The landscape stones on the right are my new project. 
Watched:
 Lots of HGTV (which doesn't help with me finding all kinds of new projects to do!), including Hometown and Good Bones and some a couple of episodes of The Marvelous Mrs. Maisel

Read: I finished Ron Rash's latest collection, In The Valley, and loved the novella at the end, in particular. Then I started The Mirage Factory by Gary Krist which I'll be alternating with Untamed by Glennon Doyle. 

Made: Pasta with fresh-picked tomatoes and basil, Austrian potato salad, fresh-picked green beans with bacon and purple onion, and, for Mini-him's birthday dinner, Asian chicken salad, red velvet cake, and homemade ice cream. 
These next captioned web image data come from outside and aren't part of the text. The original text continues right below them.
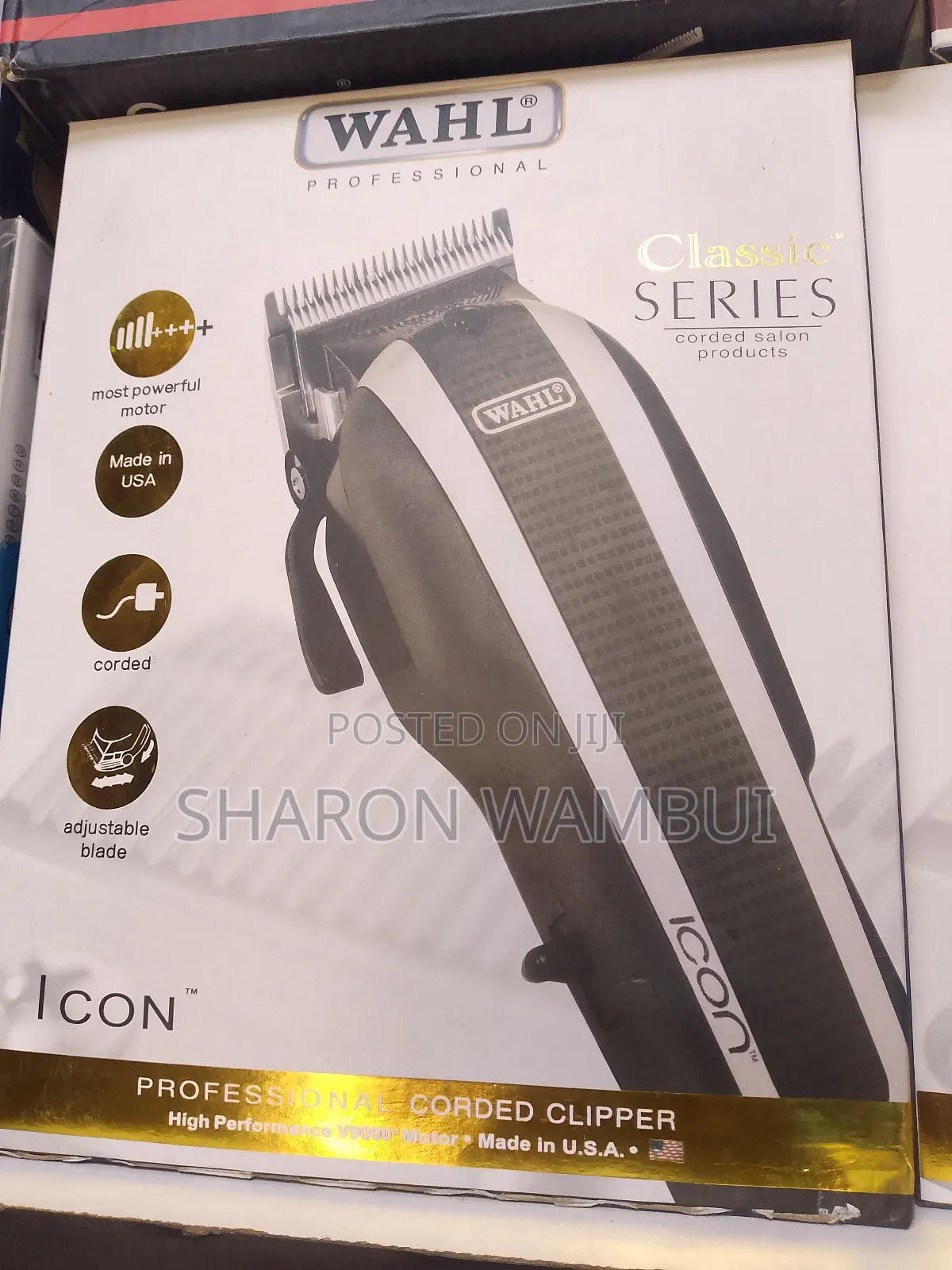 New Wahl Icon Corded Shaving Machine/Wahl Corded Shaving Machine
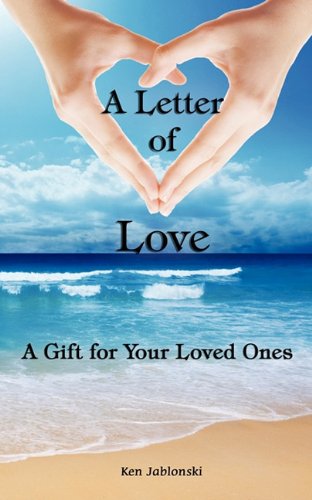 9781605944579: A Letter of Love: A Gift for Your Loved Ones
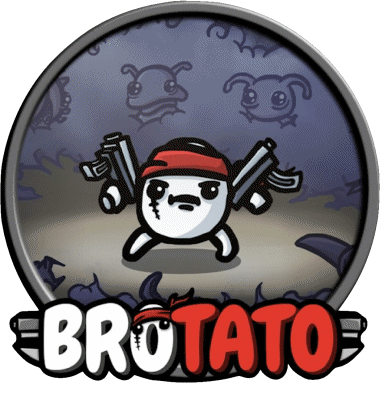 Icone Brotato Videogiochi Multimedia 
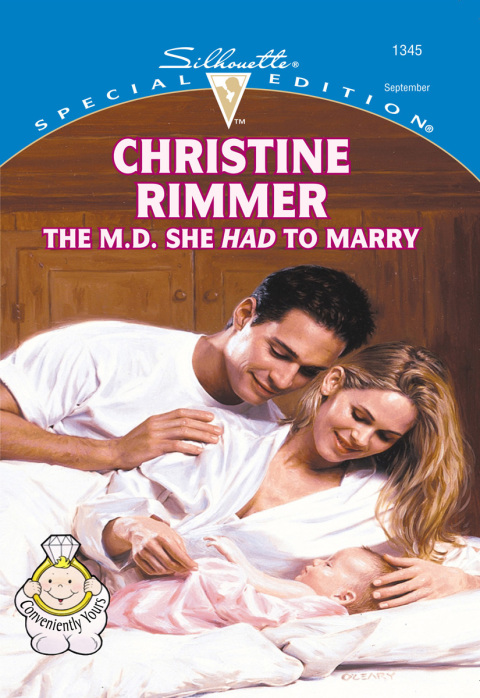 Cover image for book The M.D. She Had To Marry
One of Mini-him's birthday
presents when they were
nearly finished. 
Enjoyed:
 Mini-him's birthday dinner with his girlfriend, a six-hour happy hour evening with one of my besties and a visit with my parents and Miss H today. It was just what I needed to start digging myself out of the blues. 

This Week I’m:  

Planning: Continuing putting Miss H's room back together as a guest room (including painting a headboard) and organizing the things she left behind. 

Thinking About: What I can work on in the basement while I'm keeping Mini-him's cat company. We're cat sitting this week and his cat and our cat do not get along. So he has to stay in the basement for the most part when he's here and I like to turn on some bird videos and keep him company. Lord knows, I have plenty to do down there, as always. 

Feeling: Tired. I haven't been sleeping well. This tends to run in cycles for me so I'm hoping this passes soon. 

Looking forward to: Cooler temps for the next few days. This weekend has been glorious and we've enjoyed a lot of time outdoors. Looking forward to more dinners on the patio. 

Question of the week: What's your favorite quick and easy summer dinner?